# Is this a leg pull, or what?



## Warrigal (Feb 5, 2014)

OK, explain to me what's behind this article.
Is it for real, or is it satire? 
Where can I see the advert?



> *Coke’s Wild Assertion That Other Languages Exist Stirs Controversy*
> 
> Posted by Andy Borowitz
> 
> ...


----------



## jrfromafar (Feb 5, 2014)

looks like a totally tongue in cheek satire... like The Onion


----------



## Warrigal (Feb 5, 2014)

That is a relief. I'm aware of tension about Hispanic speakers and wondered of the complaints were real.


----------



## GDAD (Feb 5, 2014)

Warrigal said:


> That is a relief. I'm aware of tension about Hispanic speakers and wondered of the complaints were real.





http://www.nbcbayarea.com/news/loca...tured-in-Controversial-Coke-Ad-243762711.html


This might explain. There is two things to watch. Bottom has a young child singing Americas Nation Anthem in Arabic!


----------



## Warrigal (Feb 5, 2014)

Well, I think it is lovely. And wasn't that an American song, not the National Anthem ?

Perhaps America needs a song like this one to celebrate her history and diversity

It is in English and is taught in the schools to the children as an inclusive national song.
It was written by Bruce Woodley of The Seekers.

http://www.youtube.com/watch?v=rjkrjYitgeA


----------



## Warrigal (Feb 5, 2014)

My thread, so I'm not apologising for taking it off track.

On the subject of languages - Adam Hills, one of my favourite comedians


----------



## Diwundrin (Feb 5, 2014)

That wussy Seekers thing, I prefer Great Southern Land. Not as PC and harder for kids to sing though.






Re the Borowitz report:  You seemed a bit surprised that Americans have a sense of humour Poll???


----------



## Warrigal (Feb 5, 2014)

Never heard that one before.
Not sure what point it is making, might have to study the lyrics.

Found them. Still not sure what they're singing about but it sounds good.



> Great Southern Land
> 
> Standing at the limit of an endless ocean
> stranded like a runaway, lost at sea
> ...


----------



## Jillaroo (Feb 5, 2014)

_IMOA Adam Hill would be the best comedian i have seen, he is very witty & clever i could watch him for hours_  :lofl:


----------



## Diwundrin (Feb 5, 2014)

> Never heard that one before.



:what1:???!!!  They played it to death for years!  They still play it.  There was a 15 minute version played by Icehouse at one of the biggy fireworks dos on Syd Hbr, I think it the was Bi Centennial one!   You had to have heard it!   ....   unless..  no, even 'Aunty ABC' must have played it....  you just have to had heard it before.
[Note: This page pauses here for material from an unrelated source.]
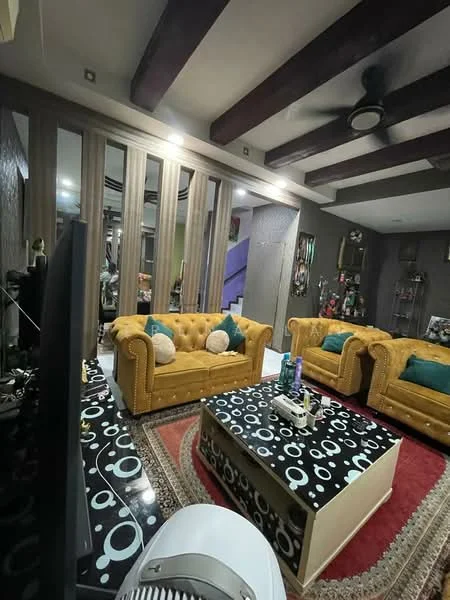 Living features: yellow tufted sofa, 2 yellow tufted armchairs, black and white patterned coffee table, area rug with geometric pattern, wooden ceiling beams, recessed lighting, decorative wall art, wall-mounted shelves, green decorative cushions, wall with textured finish, large flat-screen TV, fan on the floor; style: contemporary.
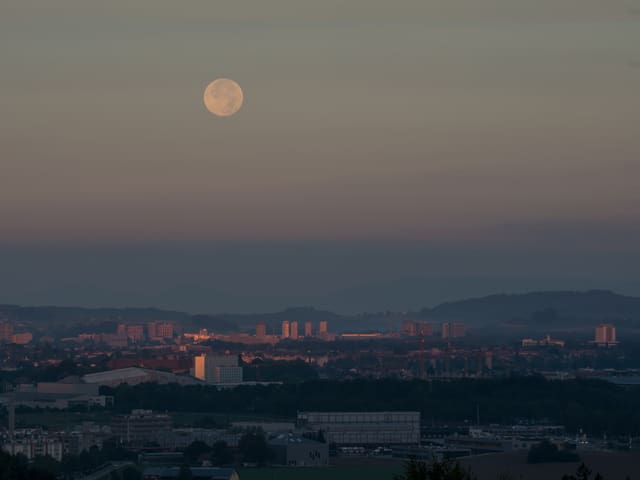 Morgendämmerung mit Vollmond über der Stadt Bern.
It's iconic!

I need choccy now.:crying:


----------



## hollydolly (Feb 6, 2014)

Well I think it's very moving to hear the joined voices in the languages of the people singing with such feeling about the country that adopted them and gave them such better life opportunities.

I wish the huge foreign speaking population of this country would be as happy to sing one of our most popular songs with such delight


----------



## Judi.D (Feb 6, 2014)

I think it was a beautiful commercial  celebrating the diversity of our country. It would probably be interesting to find out what languages the ancestors of the protesters spoke when they initially came here.


----------



## Jackie22 (Feb 6, 2014)

I agree hollydolly and Judi.D, it was beautiful.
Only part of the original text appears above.